Late in 2011, a systems administrator noticed suspicious entries in his SSH log files. The payloads did not conform to the protocol—instead they were just long random-looking byte strings. Careful analysis of the log files revealed a pattern: IP addresses in China sent these strange payloads, and the triggering event was a genuine SSH login, by a real user, from a different Chinese IP address. The administrator concluded that the probes must be related to censorship by the Great Firewall of China (GFW) and moved on. His writeup of these events became the first public documentation of what we call active probing, a critical component in the real-time, versatile, and nation-scale traffic classification system commonly known as the “Great Firewall.”

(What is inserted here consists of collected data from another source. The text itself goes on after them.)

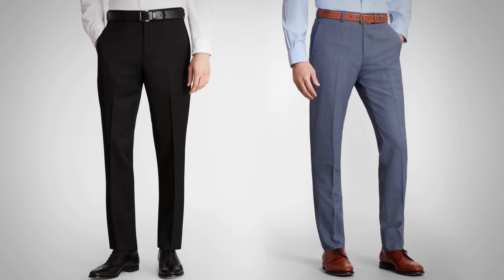Here's a quick hack to lengthen your leg line. Notice the difference? Look at the guy on the left — his leg line looks longer because his belt matches his trousers. For the vast majority of body types, you want to elongate your leg line because it makes you look taller, leaner, and stronger.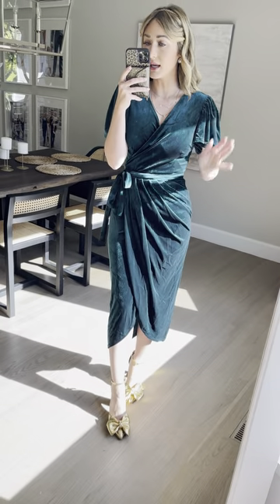Introducing our Lily in emerald. I'm 5'4" for reference, and I'm wearing my true-to-size extra small/small.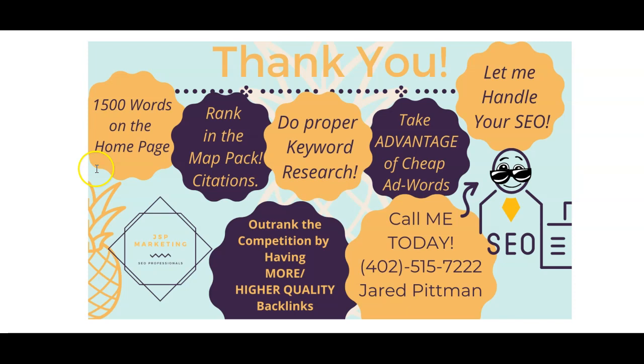Quick recap: get 1,500 words on the home page to rank in the map pack; build out those citations; do proper keyword research so you're getting found for the right keywords; take advantage of ad word opportunities whether they're cheap or there's nobody there; outrank websites by building backlink profiles to both the home page and the back pages; and make sure the website is fully optimized — tags, meta links, all named properly. If you don't want to deal with this, give me a call. My name is Jared, 402-515-7222. Thank you.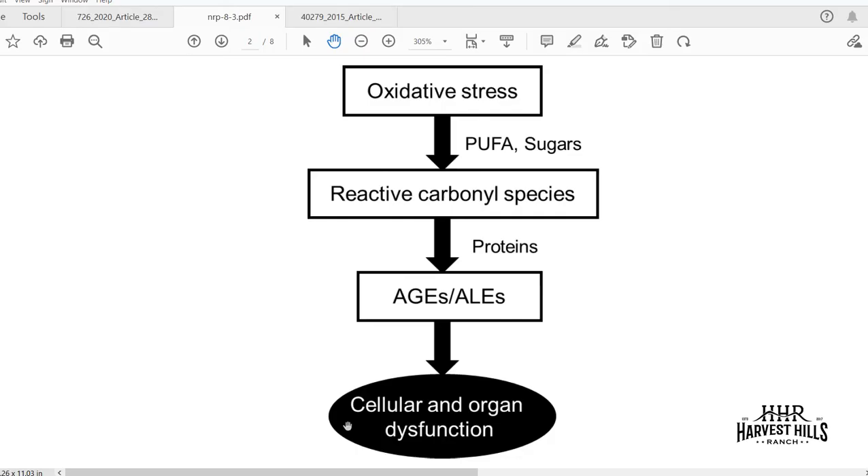If we don't address this, we start to develop AGEs — advanced glycation end products — associated with sugar damage, or advanced lipid oxidation end products from fat damage. Regardless of which type, these create an inflammatory cascade that results in damaged tissue. If that damage persists and accumulates long enough, you get cellular and organic dysfunction. The most well-known example of this is diabetes, where advanced glycation end products damage vascular tissue — small vessels around the kidneys and eyes in advanced diabetes.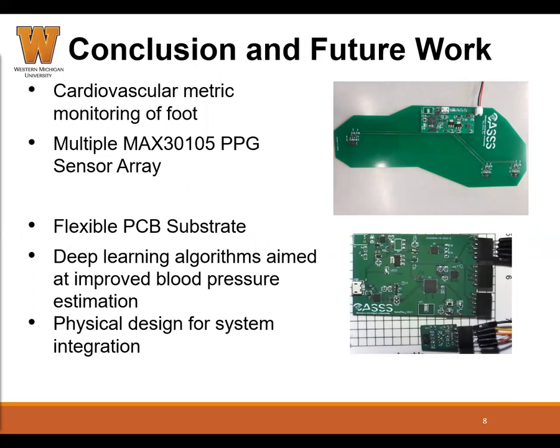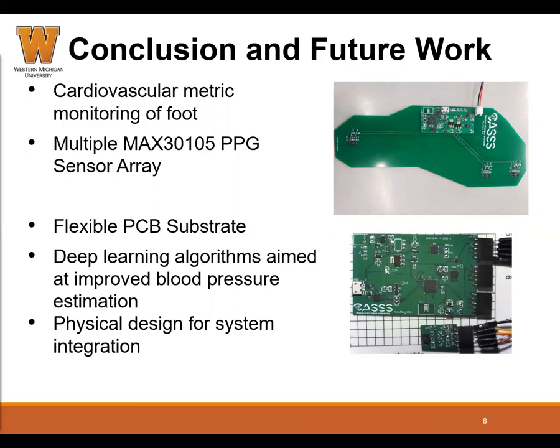The system we built has the potential to improve healthcare diagnosis and cardiovascular metrics monitoring, and is open to many user applications and medical uses. Future work includes transferring the current rigid PCB into a flexible PCB to enable more comfort to the user when wearing the system. A NAND flash memory can also be implemented in case the user doesn't want to stream the data. Additionally, deep learning modules could be embedded into the system to analyze the data directly on the board. Thank you very much for watching my presentation to Western Michigan University and to the CAS laboratory.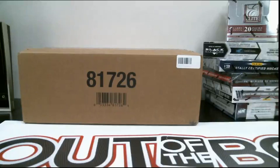Welcome everybody to break 4.99. This is our showcase 12-box team buy. I'm going to run through the team assignments for everybody.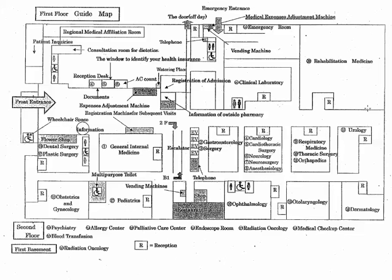Let's begin at the front entrance. Excuse me, I'm looking for rehabilitation medicine. Yes, please walk down this hallway all the way to the end. You will see rehabilitation medicine on the left.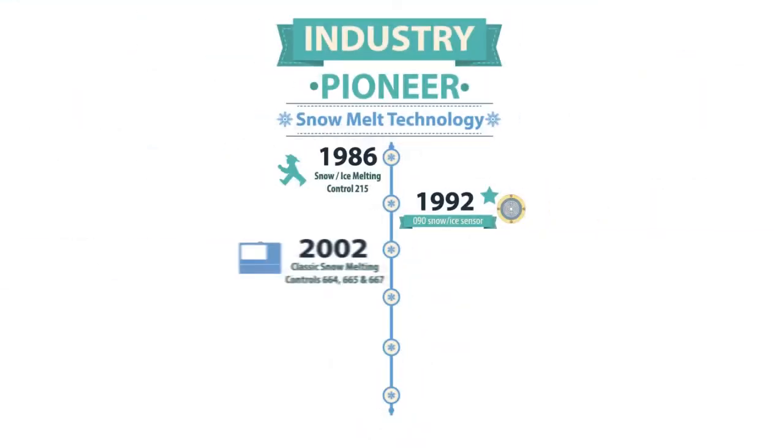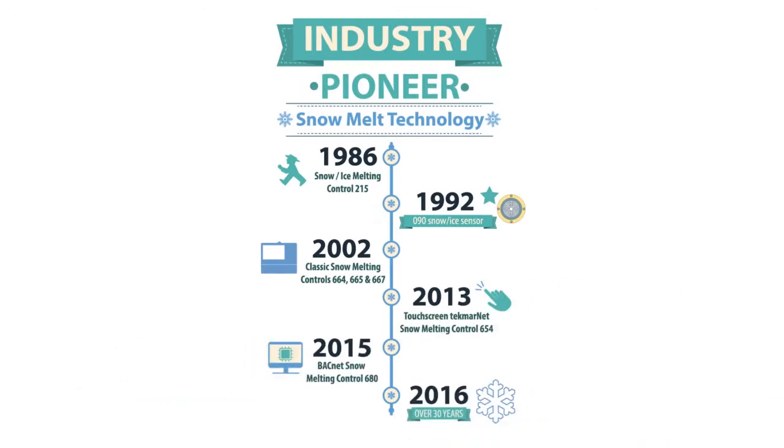Providing customer satisfaction since 1874, Watts offers top quality solutions from the snow melting technology pioneers. To learn more, visit our website or check out the other videos in our snow melting series.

Active probing is the most recent step in the ongoing arms race of Internet censorship. Users set up proxies to circumvent blocks; censors responded by identifying and blocking proxies by deep packet inspection (DPI); and circumventors made proxy protocols more difficult to detect in turn. Deprived of its capacity for easy, passive protocol identification, the censor now goes straight to the source and interrogates the server directly after it sees a potentially suspicious connection. The censor acts like a user by issuing its own connections to a suspected proxy server, as illustrated in the diagram to the right. If the server responds using a prohibited protocol, then the censor now takes some blocking action, such as adding its IP address to a blacklist.
In this research project, we improve on existing knowledge and study the following aspects of the GFW:
Our results show that the system operates in real-time, but suspends regularly for a short amount of time. It currently blocks at least five circumvention protocols and is upgraded regularly. We show that the system makes use of a vast amount of IP addresses, provide evidence that all these IP addresses are controlled by a central system, and we determined the location of the Great Firewall's sensors. We also publish our datasets and code to stimulate more research.
This material is based upon work supported in part by the National Science Foundation under grant nos. #1223717, #1518918, #1540066, and #1518882. This work was also supported in part by funding from the Open Technology Fund through the Freedom2Connect Foundation and from the US Department of State, Bureau of Democracy, Human Rights and Labor. The opinions in this work are those of the authors and do not necessarily reflect those of any funding agency or governmental organization.
Our research paper was presented at the Internet Measurement Conference 2015 in Tokyo, Japan. We also presented our work at the 32nd Chaos Communication Congress in Hamburg, Germany.
Examining How the Great Firewall Discovers Hidden Circumvention Servers [pdf, bib, IMC slides, 32C3 slides]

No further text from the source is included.